Crews have been breaking up ice on the sides of roads and using graders where there’s ponding to get water flowing, Johnson said.
“We’ve got (flooded) spots popping up quite a bit,” he said. “The eastern part of the county is a little worse.”
Recent snowfalls have been a bit heavier in the Augusta area. That has led to more drifting and snow at the edges of roads in that area, Johnson said.
Flooding has not resulted in any road closures in Eau Claire County, he said.
“The worst areas have about two inches of water across the road, and we’ve been using warning lights and signage in those areas,” Johnson said. “But there’s not been enough water to stall a car out.”
In the city of Eau Claire, as many as 50 employees a day have been devoting their time this week to clearing snow and ice from storm sewer catch basins to prevent water from ponding on streets, Eau Claire’s streets maintenance manager Steven Thompson said.
“We have been putting in 15-hour days to clear the catch basins, and we have been able to stay ahead of it,” he said.
City crews annually clear ice and snow from storm sewer catch basins, but this winter has been exceptional, Thompson said.
“It’s always something we’ve had to do but not with the resources and staff we’ve used the last four days,” he said.
City crews have used steamers, end loaders and skid steers to clear the catch basins. Pick axes and shovels have also been used by some employees, Thompson said.
“It’s good exercise. I was doing it (Wednesday),” he said.
If he could pick his weather for the next several days, Johnson would shoot for cloudy skies and highs in the mid to upper 30s.
“A slow melt is the best,” he said.
Besides flooded streets and roads, the rain and snowmelt have also caused a problem with potholes.

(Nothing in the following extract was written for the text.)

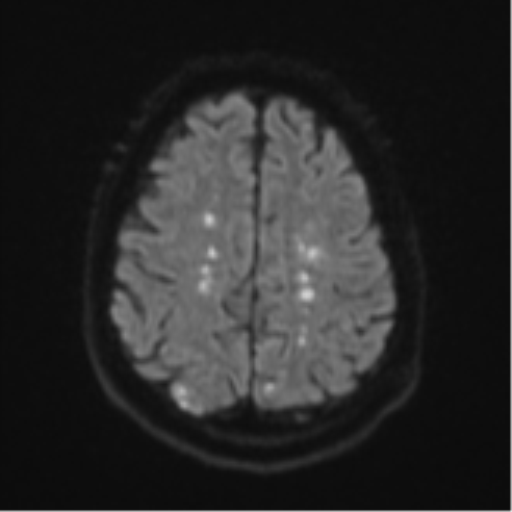 Cerebral embolic infarcts (embolic shower) (Radiopaedia 57395-64342 Axial DWI 63).png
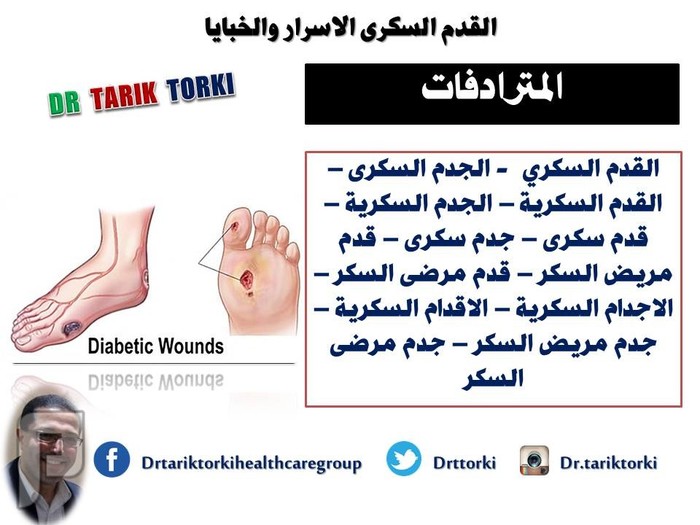 القدم السكرى اسرار وخبايا | تعريف القدم السكرى | دكتور طارق تركى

County crews are tending to potholes when they can, Johnson said.
“It’s real bad,” he said. “Unfortunately, we’ve not been able to get to that because of the flooding.”
With the rain out of the way, Thompson will put more city employees on pothole duty today than there were on the rainy days of Wednesday and Thursday.
“When it’s raining, the water gets in there and blows the (patching) material right back out,” he said.
Following last weekend’s snowstorm, the National Weather Service was predicting 1.25 inches of rain to fall in Eau Claire between Tuesday and Thursday, said Alexandra Keclik, a meteorologist with the agency’s office in Chanhassen, Minn.
As of noon Thursday, 0.82 of an inch of rain had fallen in Eau Claire this week, she said.
The weekend appears to have minimal chances for precipitation with highs in the mid to upper 30s, Keclik said.